『あなたがしてくれなくても』(1)(2)ハルノ晴著 どうか一縷の望みを

 出会い系サイト、なるものに登録してみた。結婚相手を探す系の、そこそこ真面目なやつを選んだのは、そろそろ結婚を視野に入れた方がいいかもしれないなぁと今更ながら思ったりもしているからだ。歯切れが悪い言い方なのは、本当に結婚したいのか正直よくわからないところもあって、とはいえアラフォーも間近のこの歳で遊び相手を探すつもりは毛頭ないし、真面目なところに越したことはないだろうと思い、そのサイトにしてみた(何を以て真面目なんだという疑問は置いといて)。

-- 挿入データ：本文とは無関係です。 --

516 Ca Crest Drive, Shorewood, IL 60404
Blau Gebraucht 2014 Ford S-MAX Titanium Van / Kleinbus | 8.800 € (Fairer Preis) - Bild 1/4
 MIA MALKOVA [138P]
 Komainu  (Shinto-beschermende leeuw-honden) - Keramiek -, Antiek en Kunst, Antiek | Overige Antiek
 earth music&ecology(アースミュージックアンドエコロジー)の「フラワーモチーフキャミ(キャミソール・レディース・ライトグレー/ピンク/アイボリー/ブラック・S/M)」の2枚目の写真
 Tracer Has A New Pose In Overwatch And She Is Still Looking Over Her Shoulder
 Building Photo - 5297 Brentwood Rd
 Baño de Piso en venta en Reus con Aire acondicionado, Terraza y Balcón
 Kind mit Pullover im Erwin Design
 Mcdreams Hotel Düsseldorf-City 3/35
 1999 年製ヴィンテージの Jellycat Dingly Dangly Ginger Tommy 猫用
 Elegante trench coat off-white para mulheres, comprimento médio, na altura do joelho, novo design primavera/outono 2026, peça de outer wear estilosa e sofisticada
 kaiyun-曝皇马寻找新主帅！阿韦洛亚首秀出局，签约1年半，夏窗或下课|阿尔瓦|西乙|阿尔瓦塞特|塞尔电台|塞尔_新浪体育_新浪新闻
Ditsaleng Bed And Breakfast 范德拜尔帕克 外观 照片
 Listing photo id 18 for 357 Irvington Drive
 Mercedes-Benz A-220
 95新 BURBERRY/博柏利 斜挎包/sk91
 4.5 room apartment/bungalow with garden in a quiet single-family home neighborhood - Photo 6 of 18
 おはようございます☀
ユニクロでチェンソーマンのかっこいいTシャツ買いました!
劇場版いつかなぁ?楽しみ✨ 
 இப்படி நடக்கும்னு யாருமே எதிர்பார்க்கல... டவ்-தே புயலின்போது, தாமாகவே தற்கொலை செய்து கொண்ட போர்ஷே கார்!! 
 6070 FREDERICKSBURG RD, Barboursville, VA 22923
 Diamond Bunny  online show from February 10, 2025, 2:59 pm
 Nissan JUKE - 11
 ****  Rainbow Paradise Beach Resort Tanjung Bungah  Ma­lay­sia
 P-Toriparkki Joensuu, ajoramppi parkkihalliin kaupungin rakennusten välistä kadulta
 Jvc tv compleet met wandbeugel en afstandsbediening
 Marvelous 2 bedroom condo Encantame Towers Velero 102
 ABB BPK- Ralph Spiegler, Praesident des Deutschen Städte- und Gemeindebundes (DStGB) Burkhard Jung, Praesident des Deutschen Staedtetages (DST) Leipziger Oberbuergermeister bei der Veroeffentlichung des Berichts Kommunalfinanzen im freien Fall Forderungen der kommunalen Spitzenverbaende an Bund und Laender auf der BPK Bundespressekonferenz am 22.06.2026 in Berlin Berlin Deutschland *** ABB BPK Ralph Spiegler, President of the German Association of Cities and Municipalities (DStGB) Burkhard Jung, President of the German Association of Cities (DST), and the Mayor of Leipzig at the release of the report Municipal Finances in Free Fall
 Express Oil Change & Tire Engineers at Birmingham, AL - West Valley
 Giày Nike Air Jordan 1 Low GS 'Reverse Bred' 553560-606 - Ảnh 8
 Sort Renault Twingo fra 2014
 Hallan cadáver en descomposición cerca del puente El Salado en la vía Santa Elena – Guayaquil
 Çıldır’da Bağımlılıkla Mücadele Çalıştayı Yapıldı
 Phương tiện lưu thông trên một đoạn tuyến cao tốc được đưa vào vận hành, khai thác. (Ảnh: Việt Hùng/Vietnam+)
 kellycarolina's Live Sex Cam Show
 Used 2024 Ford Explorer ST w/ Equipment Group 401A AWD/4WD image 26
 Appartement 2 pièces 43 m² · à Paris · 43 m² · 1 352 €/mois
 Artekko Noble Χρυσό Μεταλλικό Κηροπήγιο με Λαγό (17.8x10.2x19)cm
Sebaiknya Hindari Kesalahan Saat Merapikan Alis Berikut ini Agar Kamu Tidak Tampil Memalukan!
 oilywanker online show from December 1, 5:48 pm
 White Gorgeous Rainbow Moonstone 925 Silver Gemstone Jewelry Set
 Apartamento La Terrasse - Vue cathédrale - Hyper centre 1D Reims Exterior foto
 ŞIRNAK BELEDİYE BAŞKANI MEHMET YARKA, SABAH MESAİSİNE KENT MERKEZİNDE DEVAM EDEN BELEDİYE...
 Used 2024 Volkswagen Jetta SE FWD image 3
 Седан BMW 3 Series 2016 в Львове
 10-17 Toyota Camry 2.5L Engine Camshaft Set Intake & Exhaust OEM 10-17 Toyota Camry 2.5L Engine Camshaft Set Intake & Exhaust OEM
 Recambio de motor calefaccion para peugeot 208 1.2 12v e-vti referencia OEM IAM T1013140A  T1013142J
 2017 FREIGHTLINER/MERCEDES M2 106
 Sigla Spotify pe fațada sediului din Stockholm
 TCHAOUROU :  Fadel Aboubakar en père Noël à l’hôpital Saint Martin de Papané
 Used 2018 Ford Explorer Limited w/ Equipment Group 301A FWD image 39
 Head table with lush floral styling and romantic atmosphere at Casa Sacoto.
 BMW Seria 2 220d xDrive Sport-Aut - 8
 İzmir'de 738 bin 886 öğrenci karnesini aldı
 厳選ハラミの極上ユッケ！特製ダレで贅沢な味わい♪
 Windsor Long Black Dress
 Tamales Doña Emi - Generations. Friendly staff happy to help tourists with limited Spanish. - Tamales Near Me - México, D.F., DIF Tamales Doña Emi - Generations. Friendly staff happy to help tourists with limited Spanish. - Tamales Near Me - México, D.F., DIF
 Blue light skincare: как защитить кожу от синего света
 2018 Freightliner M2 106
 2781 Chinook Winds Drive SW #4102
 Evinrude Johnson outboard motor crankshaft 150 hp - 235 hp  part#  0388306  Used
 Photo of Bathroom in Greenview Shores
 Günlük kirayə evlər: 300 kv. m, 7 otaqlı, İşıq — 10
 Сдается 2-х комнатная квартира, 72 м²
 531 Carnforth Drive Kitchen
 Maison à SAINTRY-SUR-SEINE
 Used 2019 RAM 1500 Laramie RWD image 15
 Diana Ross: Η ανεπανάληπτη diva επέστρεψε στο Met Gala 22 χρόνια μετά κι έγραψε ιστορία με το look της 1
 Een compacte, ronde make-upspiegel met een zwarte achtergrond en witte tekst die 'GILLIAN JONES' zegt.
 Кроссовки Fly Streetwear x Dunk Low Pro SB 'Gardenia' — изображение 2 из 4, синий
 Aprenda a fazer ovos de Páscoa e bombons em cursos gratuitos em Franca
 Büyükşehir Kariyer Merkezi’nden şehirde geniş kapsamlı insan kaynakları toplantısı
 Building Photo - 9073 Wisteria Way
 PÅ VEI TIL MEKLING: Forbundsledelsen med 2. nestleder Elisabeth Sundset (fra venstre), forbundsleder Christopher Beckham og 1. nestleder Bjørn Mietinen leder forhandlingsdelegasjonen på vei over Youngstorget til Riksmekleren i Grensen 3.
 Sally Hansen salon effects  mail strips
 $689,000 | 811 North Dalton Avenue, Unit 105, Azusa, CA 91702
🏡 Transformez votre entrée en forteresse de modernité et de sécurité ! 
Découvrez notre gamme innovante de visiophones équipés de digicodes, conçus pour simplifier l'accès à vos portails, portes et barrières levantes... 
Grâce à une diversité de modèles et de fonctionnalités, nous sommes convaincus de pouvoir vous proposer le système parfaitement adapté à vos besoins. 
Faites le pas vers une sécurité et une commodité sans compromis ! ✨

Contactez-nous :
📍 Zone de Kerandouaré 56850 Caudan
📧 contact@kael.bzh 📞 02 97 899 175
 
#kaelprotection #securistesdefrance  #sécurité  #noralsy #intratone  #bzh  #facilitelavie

 始めたばかりで勝手も何もわからないまま、会ったこともない男の人のプロフィールを覗いたりする中で、ふと思い出す。「ひとりぼっちで感じる孤独より、ふたりでいても感じる孤独のほうが辛い」みたいなことを歌っていたのは浜崎あゆみだったか。そんなことを思い出したのはきっと、本書を手にしたからだろう。

 32歳のみちは、4歳上の夫と結婚して5年になる。夫とは仲が悪いわけではないが、ひとつ欠けているものがあった。それはセックス。夫が触れなくなり2年が経つのだった。ある日、みちは会社の先輩・新名誠とふたりで飲むことになる。酒の勢いを借り、みちは新名にセックスレスの悩みを相談する。すると新名から返ってきたのは「うちもレスなんだよね…」という言葉。

 その日を境にみちと新名はお互いを相談相手としながら、それぞれのパートナーと向き合おうとするが……。

 ヒリヒリと痛くて、目を逸らしたくなる。夫はどうして触れてくれないのか。してくれない淋しさは募る、でも不倫をしたいわけではない。そんな葛藤が晴れない霧のように視界を覆い尽くす。

 わーっ!!なんだこれ!!浜崎あゆみまんまの世界ではないか!!

つらい、なんなんだろうか、夫よ。なに考えてるか全然わからないんだよ夫よ。朝早くにリビングでエロ動画観てた夫よ。「オレはみちを抱き締めることができない」ってどういう意味だ夫よ。そのくせ「オレ、みちと離れるなんて考えてないから」って都合良過ぎやしないか夫よ!!

 ゼーハー……。すみません取り乱しました。「みち!職場の男と一戦交えてしまっても私は許す!」と心の中でエールを送ってしまう自分もいますが、なんか、なんなんですかね結婚て。異なる意思を持った人間が、利害の一致で婚姻関係を結ぶ。そのことの難しさ、どうにもならなさ、苦しさ、やるせなさに気が遠くなる。

 本作、まだまだ続く模様。どう終わろうと結構なのですが、ひとつだけ、どうか、どうか私をはじめ、絶賛婚活中の独身男女が一縷の希望を持てるような終わりを迎えてほしいなと、そしてそんな希望を見いだすまで見届けたいと、思う次第であります。